Cook v. State
Cook v. State
Opinion
ROBERT JAMES COOK, Petitioner and Appellant,
v.
STATE OF MONTANA, DEPARTMENT OF PUBLIC HEALTH AND HUMAN SERVICES, CHILD SUPPORT ENFORCEMENT DIVISION, Respondent and Appellee.
Supreme Court of Montana.
For Appellant: Robert J. Cook (self-represented litigant); Dutton, Montana.
For Appellee: Sharon M. Anderson, DPHHS/Child Support Enforcement Division; Great Falls, Montana, Jeff Ferguson, Attorney at Law; Great Falls, Montana.
Chief Justice MIKE McGRATH delivered the Opinion of the Court.
¶ 1 Pursuant to Section I, Paragraph 3(d)(v), Montana Supreme Court 1996 Internal Operating Rules, as amended in 2003, the following memorandum decision shall not be cited as precedent. It shall be filed as a public document with the Clerk of the Supreme Court and its case title, Supreme Court cause number and disposition shall be included in this Court's quarterly list of noncitable cases published in the Pacific Reporter and Montana Reports.
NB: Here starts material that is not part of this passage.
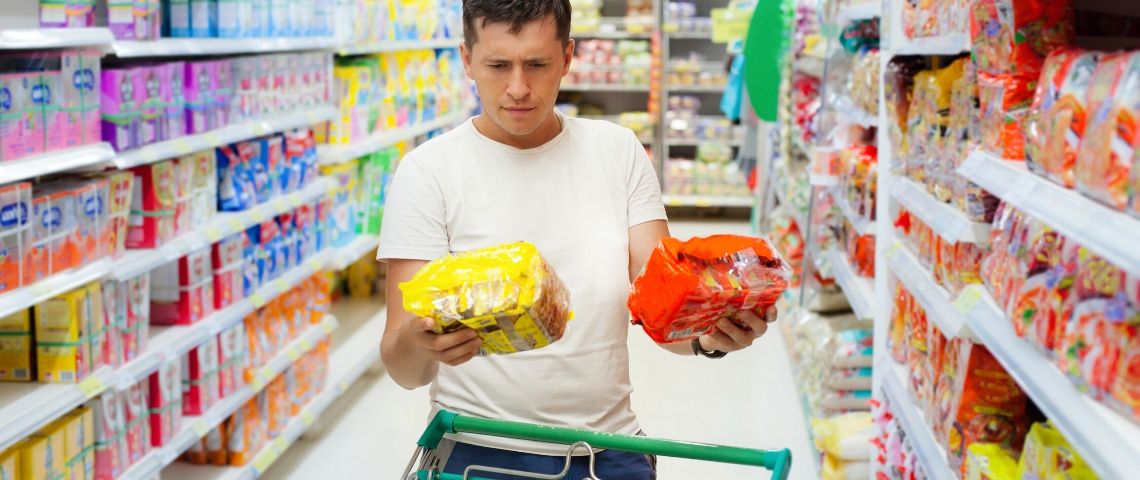 La crise du coronavirus nuit-elle au zéro déchet ? Un homme qui hésite en faisant ses courses au supermarché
¶ 2 Cook appeals from the September 26, 2008 order of the District Court of the Eighth Judicial District, Cascade County, denying his petition for judicial review of a decision of the Child Support Enforcement Division (CSED) of the Montana Department of Public Health and Human Services, ordering him to pay child support to his ex-wife McClammy.
¶ 3 In our recent decision in Cook v. McClammy, 2009 MT 115, 350 Mont. 159, 209 P.3d 906, we considered many elements of this same controversy. We reversed as moot the District Court's November, 2007, order modifying the parenting plan between Cook and McClammy to give primary custody of their daughter to McClammy. Cook, ¶ 8. That issue was moot because the daughter had turned 18. We also reversed the District Court's order that Cook pay an unspecified amount of child support to McClammy commencing December 1, 2006. That reversal was based upon the fact that CSED's order that Cook pay child support to McClammy had not been approved by the District Court as required by § 40-5-277(8), MCA. In addition, we held that a decree of support may be modified only as to installments accruing after actual notice of a motion for modification, which had not occurred, whereas the District Court's order had made Cook's unspecified child support obligation retroactive to December 1, 2006.
¶ 4 As a result of our decision in Cook, the District Court entered an order on April 13, 2009, vacating its November, 2007, order requiring Cook to pay child support retroactive to December 1, 2006. Therefore, Cook's only potential obligation to pay child support to McClammy would arise from the administrative order of the CSED that is under attack in the present appeal. However, following the District Court order of April 13, 2009, CSED stated in a letter to Cook dated April 20, 2009 that "[a]ny outstanding administrative orders to withhold will be terminated and any funds withheld after April 17, 2009 (the date CSED received notice) will be returned to you." Since the parties' daughter has since turned 18 and since CSED is no longer pursuing payment from Cook, the issue regarding the CSED administrative order of child support is moot.
¶ 5 Based upon our decision in Cook and the actions subsequently taken by the District Court and CSED, the issues in this proceeding are moot and the appeal should be dismissed.
¶ 6 We have determined to decide this case pursuant to Section I, Paragraph 3(d) of our 1996 Internal Operating Rules, as amended in 2003, which provides for memorandum opinions. The issues are clearly controlled by settled Montana law.
¶ 7 The appeal is dismissed as moot.
JUSTICES JOHN WARNER, BRIAN MORRIS, JIM RICE, W. WILLIAM LEAPHART concur.